3 Bottles + a Book: Hoppy Bock, Old Red Barn and Beer Crafts

It’s Wednesday, which means that it’s time for 3 Bottles + a Book. So without further ado, let’s get to it.

The first bottle up is Hoppy Bock Lager from Colorado’s New Belgium Brewing. Now, I don’t know why it’s called a “Bock Lager,” since pretty much by definition bocks are lagers – unless you count Boston Beer’s Triple Bock or ales brewed in Texas and misnamed in order to comply with some of the most ridiculous beer labelling laws in the United States – and I’m sure that some hopheads out there will be equally curious about the “Hoppy” part of the equation, since this is hardly an overtly bitter beer.

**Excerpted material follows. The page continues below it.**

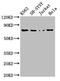 Protein Kinase C Beta antibody, CSB-PA15849A0Rb, Cusabio, Western Blot image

But one sniff and you’ll understand that this is more about aromatics than bitterness, and that the moniker is apt.

The nose of Hoppy Bock is one of the most attractive I’ve experienced in a bottom-fermented beer for some time, lightly sweet and floral, with some soft herbals and something almost approaching lavender. The start of the body is a tad more benign, with an inauspicious, slightly watery entry, but grows more interesting with every second it sits on the palate, adding first some very light caramel notes, then green herbs and soft florals, followed but a more significant bitterness and a surprisingly dry and quenching finish. There might not be a huge amount about this beer that I associate with the bock style – maibock at a stretch, maybe – but I certainly do find it most enjoyable and admire the complexity of the nose and finish.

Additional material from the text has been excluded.